RECORDED INFORMATION
==========

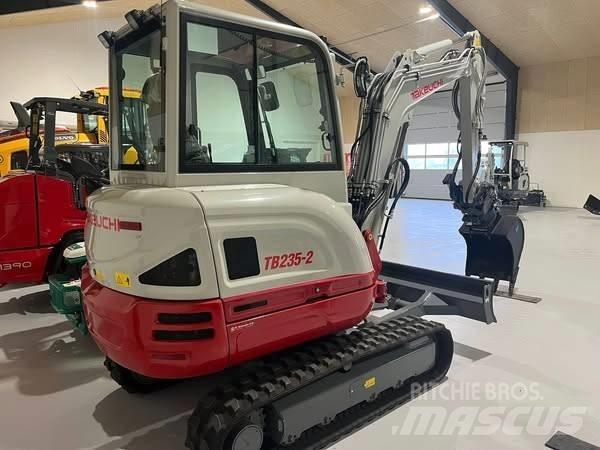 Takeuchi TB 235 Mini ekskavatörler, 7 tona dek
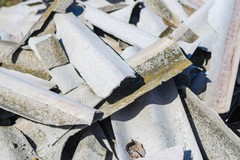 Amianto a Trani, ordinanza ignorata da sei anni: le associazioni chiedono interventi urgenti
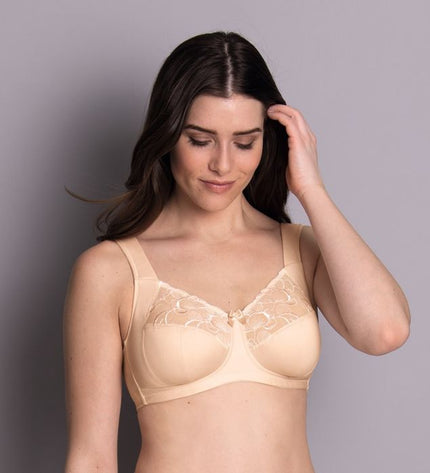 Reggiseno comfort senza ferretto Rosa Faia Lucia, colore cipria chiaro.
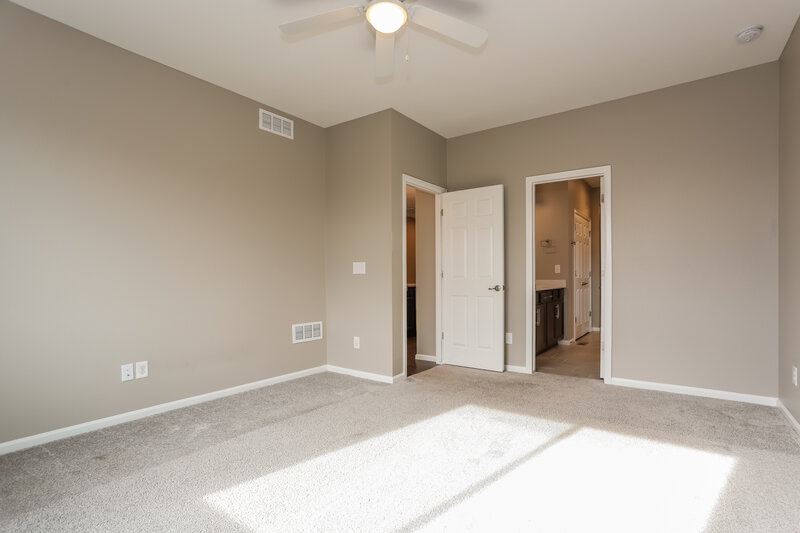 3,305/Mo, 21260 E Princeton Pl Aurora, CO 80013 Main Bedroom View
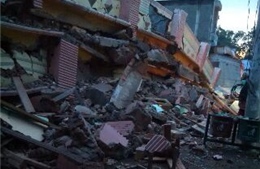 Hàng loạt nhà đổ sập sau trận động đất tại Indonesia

==========

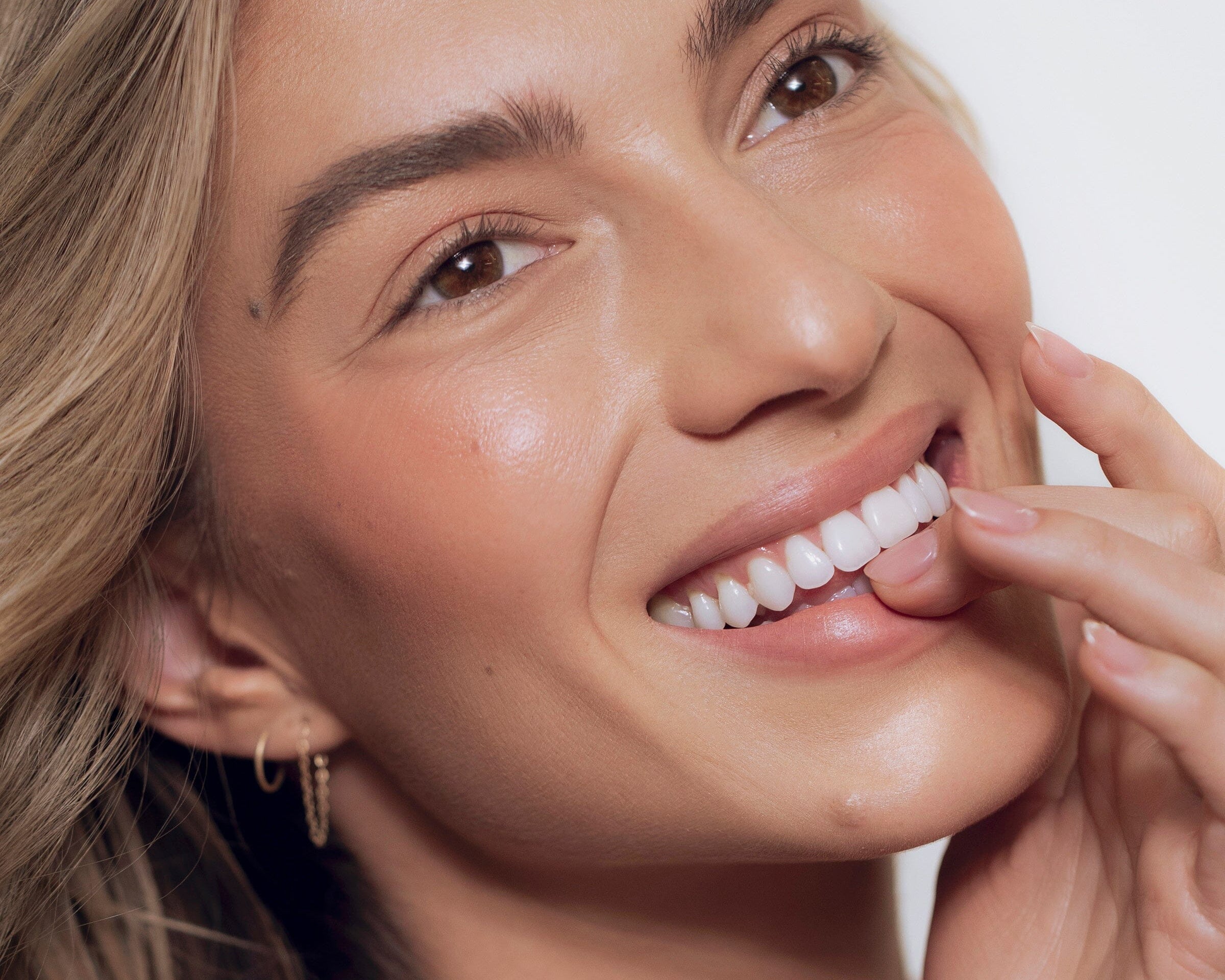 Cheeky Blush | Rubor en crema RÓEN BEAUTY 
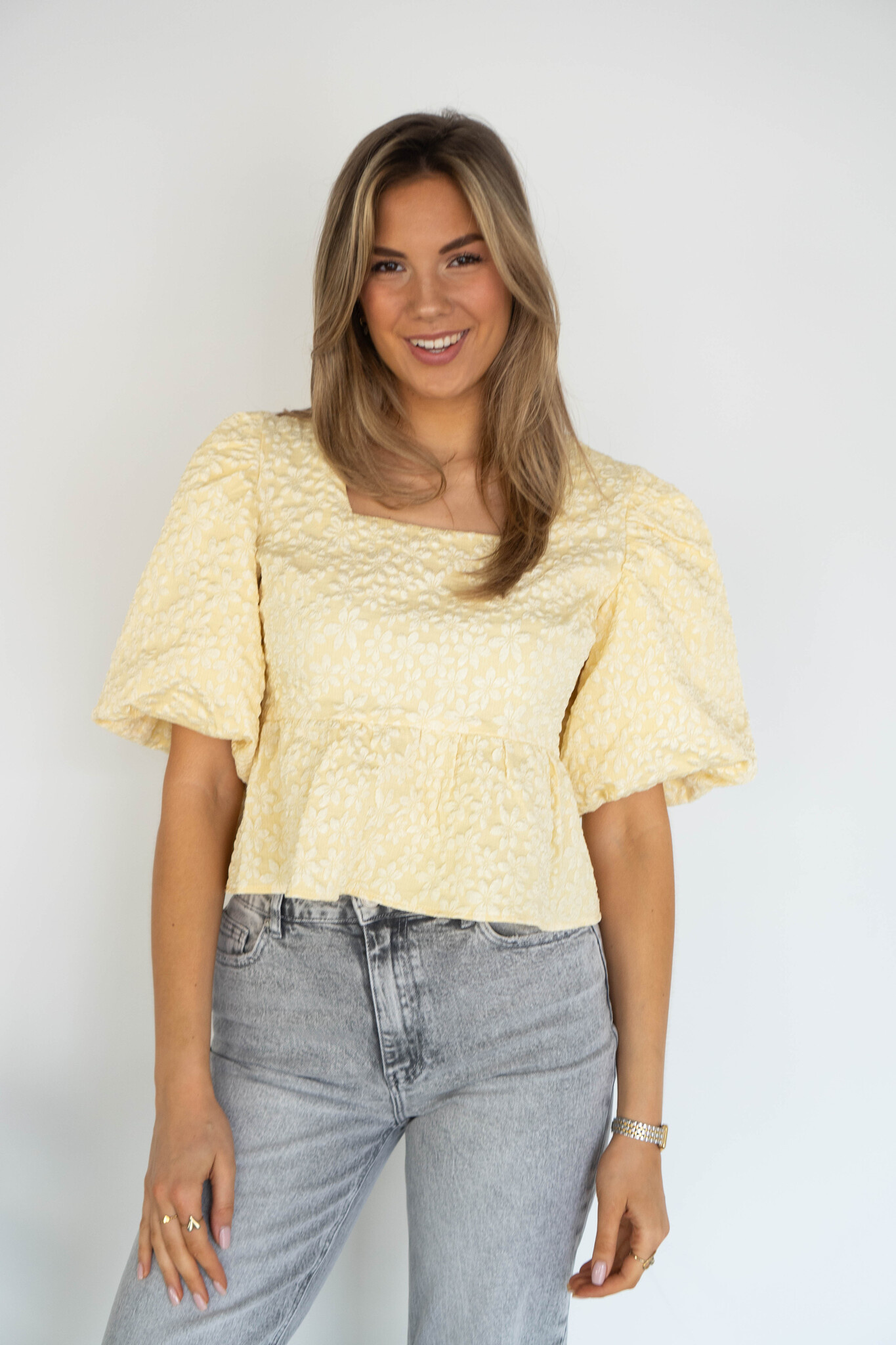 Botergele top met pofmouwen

==========

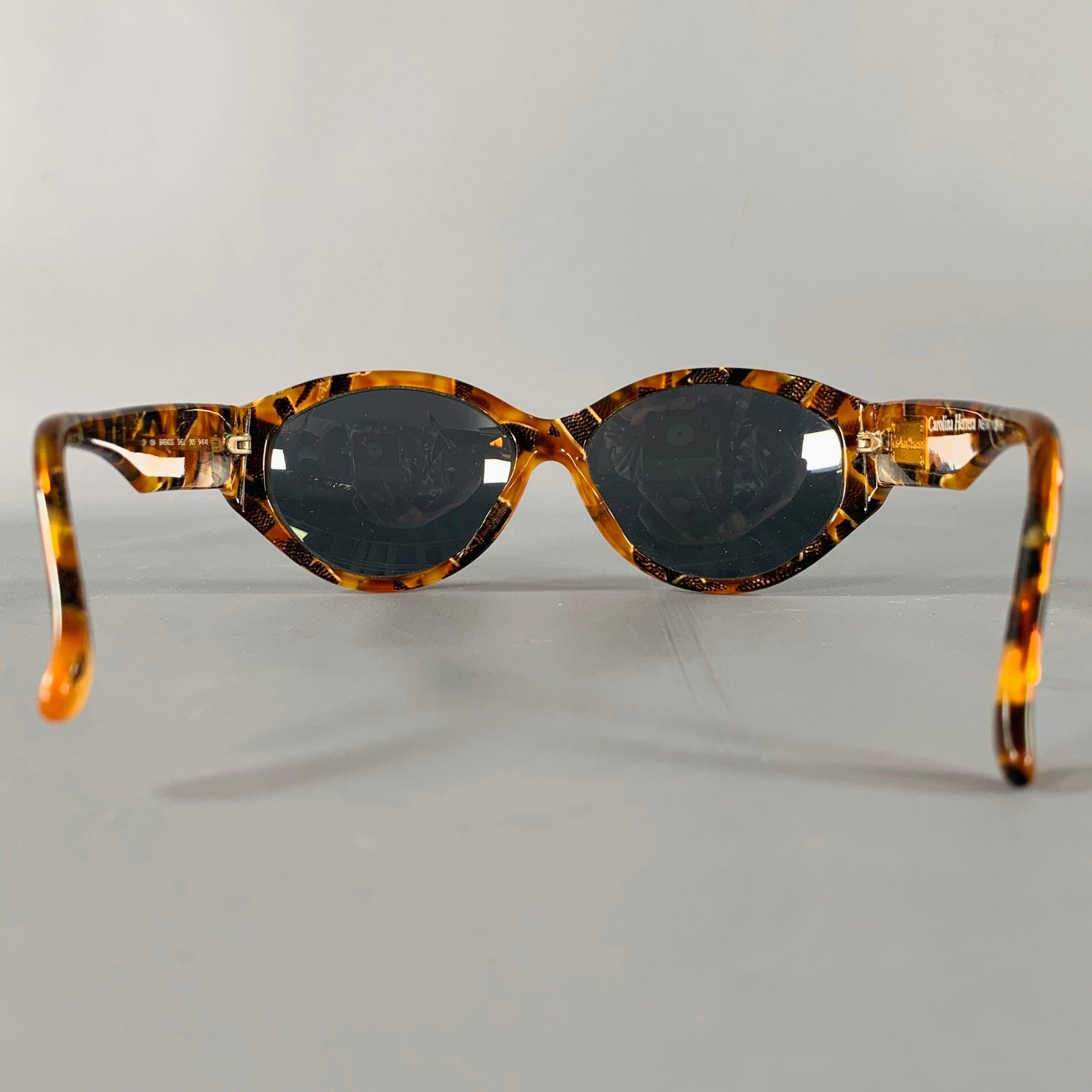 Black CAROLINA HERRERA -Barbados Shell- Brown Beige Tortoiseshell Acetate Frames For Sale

==========

THE PROBLEM
Using the entries above, repeat exactly the lines from the one with "3,305/Mo, 21260 E" to the one with "Hàng loạt nhà", both included, and leave the pictures behind.

COMPLETED EXERCISE
 3,305/Mo, 21260 E Princeton Pl Aurora, CO 80013 Main Bedroom View
 Hàng loạt nhà đổ sập sau trận động đất tại Indonesia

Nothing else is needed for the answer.